The third step is for the patient to study the map and reflect on the actors and links, the nature of the interaction, and what has possibly been overlooked or is missing but needed. Visualizing on a map makes it easy to spot gaps.

Figure. Christi's Atlas CareMap shows the many caring relations that exist within her family, who are spread out in different parts of the United States.

Mehta warns users not to jump to action but instead to use the exercise to ask important questions, such as why certain actors are not involved or what aspects need to be changed or strengthened. A map also may show that the patient feels disconnected or unsupported by the professionals involved in their care (eg, doctors, nurses, therapists) or, conversely, dependent on them.

Bringing Maps to the Clinic

Imagine a clinical scenario like this: A 70-year-old retired engineer with mild Parkinson disease and diabetes is referred for treatment of a newly diagnosed aggressive lymphoma. His wife died of ovarian cancer a year ago and his adult children live hundreds or thousands of miles away. He has a supportive network of friends, but there is concern about his ability to remain independent during and after cancer therapy.

Drawing a map would give him, his family, and your team the information necessary to learn who is indispensable and what happens when they are not available. At a glance, you would all see the different kinds of support and skills that people can provide; how responsibilities could best be divided among them; and how key actors communicate, coordinate, and negotiate the issues of caregiving. It also may lead your team to identify the need for more professional services, and the members of your patient's family to spot what needs to change to allow him to stay safe during and after his treatment.

Caregivers Provide Valuable Connections; Let's Support Them

Moments of crisis, such as an illness, expose the value and need of connections.

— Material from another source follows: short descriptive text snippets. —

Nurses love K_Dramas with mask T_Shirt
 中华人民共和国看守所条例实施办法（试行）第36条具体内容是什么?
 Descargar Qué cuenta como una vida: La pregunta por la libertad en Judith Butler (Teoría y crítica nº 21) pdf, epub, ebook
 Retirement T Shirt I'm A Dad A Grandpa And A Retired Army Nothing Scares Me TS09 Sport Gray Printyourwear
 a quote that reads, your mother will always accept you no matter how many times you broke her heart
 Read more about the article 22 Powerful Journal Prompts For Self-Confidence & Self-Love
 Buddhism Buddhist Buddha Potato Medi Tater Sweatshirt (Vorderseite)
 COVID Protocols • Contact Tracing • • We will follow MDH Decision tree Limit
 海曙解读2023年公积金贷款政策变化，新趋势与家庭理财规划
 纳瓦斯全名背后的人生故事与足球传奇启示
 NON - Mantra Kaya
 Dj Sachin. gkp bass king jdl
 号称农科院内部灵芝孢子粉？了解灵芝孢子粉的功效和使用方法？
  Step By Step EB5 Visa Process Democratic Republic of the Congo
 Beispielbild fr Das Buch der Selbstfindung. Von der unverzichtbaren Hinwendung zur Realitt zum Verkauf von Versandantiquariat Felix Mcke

I often find that individuals struggle to ask for help because it shatters their internalized ideas of self-worth at a time of vulnerability. Accepting the need for care from professionals or family may be one of the most difficult aspects of being a cancer patient. For their part, both novice and experienced caregivers perform at their best if they feel connected, with clearly defined roles and tasks. They will need guidance from professionals and probably training in handling medical devices or dosing medications.

One of our greatest clinical challenges is to teach patients to anticipate and prepare for the need to receive care, and to engage families and communities in that care. But caregiving is often mutual and a source of meaning that provides psychological benefits.

Mehta's work with hundreds of families taught him the importance of communication in mobilizing families and friends and engaging them in care. He speaks of "transformative conversations," a phrase that reminds me of grassroots efforts to talk about end-of-life care preferences. Maps open the door to these conversations that lead to understanding, appreciation, and support.

Lidia Schapira, MD, associate professor of medicine at Stanford University School of Medicine and director of cancer survivorship at the Stanford Comprehensive Cancer Institute, specializes in the care of women with breast cancer and of all cancer survivors. Her clinical research is dedicated to improving quality-of-life and health outcomes for people living with cancer and their caregivers.